Among the entries that follow, locate the line with "consuladosmexicanos.com icon" and the line with "755 S Us-17, San Mateo, FL 32187 Photo". Output those lines and all lines in between, exactly, minus the pictures.
DATA EXTRACTS Block Start
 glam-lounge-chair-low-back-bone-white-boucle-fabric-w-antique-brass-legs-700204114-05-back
DATA EXTRACTS Block End
DATA EXTRACTS Block Start
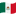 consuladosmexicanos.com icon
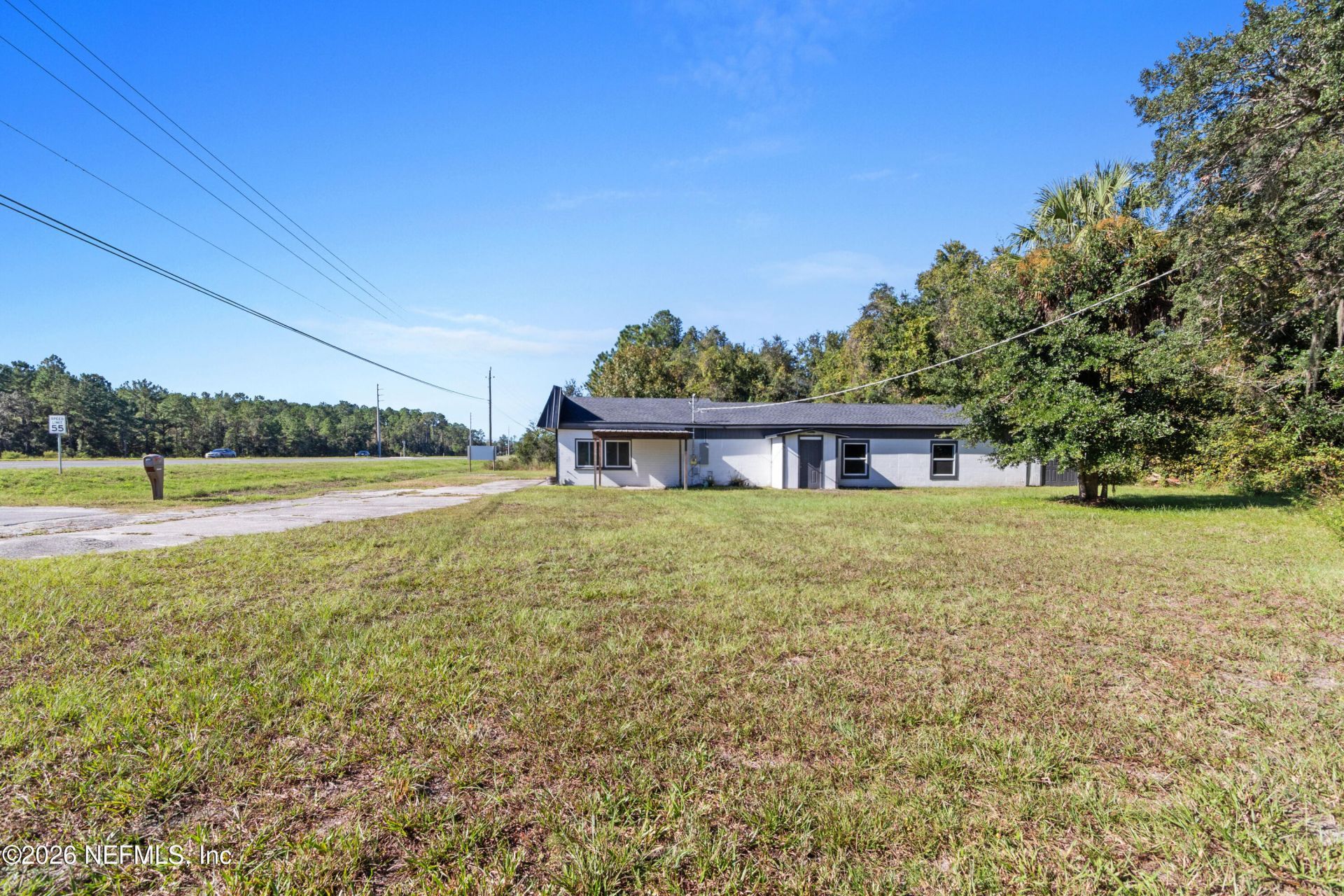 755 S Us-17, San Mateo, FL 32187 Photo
DATA EXTRACTS Block End
WRITTEN SOLUTION
 consuladosmexicanos.com icon
 755 S Us-17, San Mateo, FL 32187 Photo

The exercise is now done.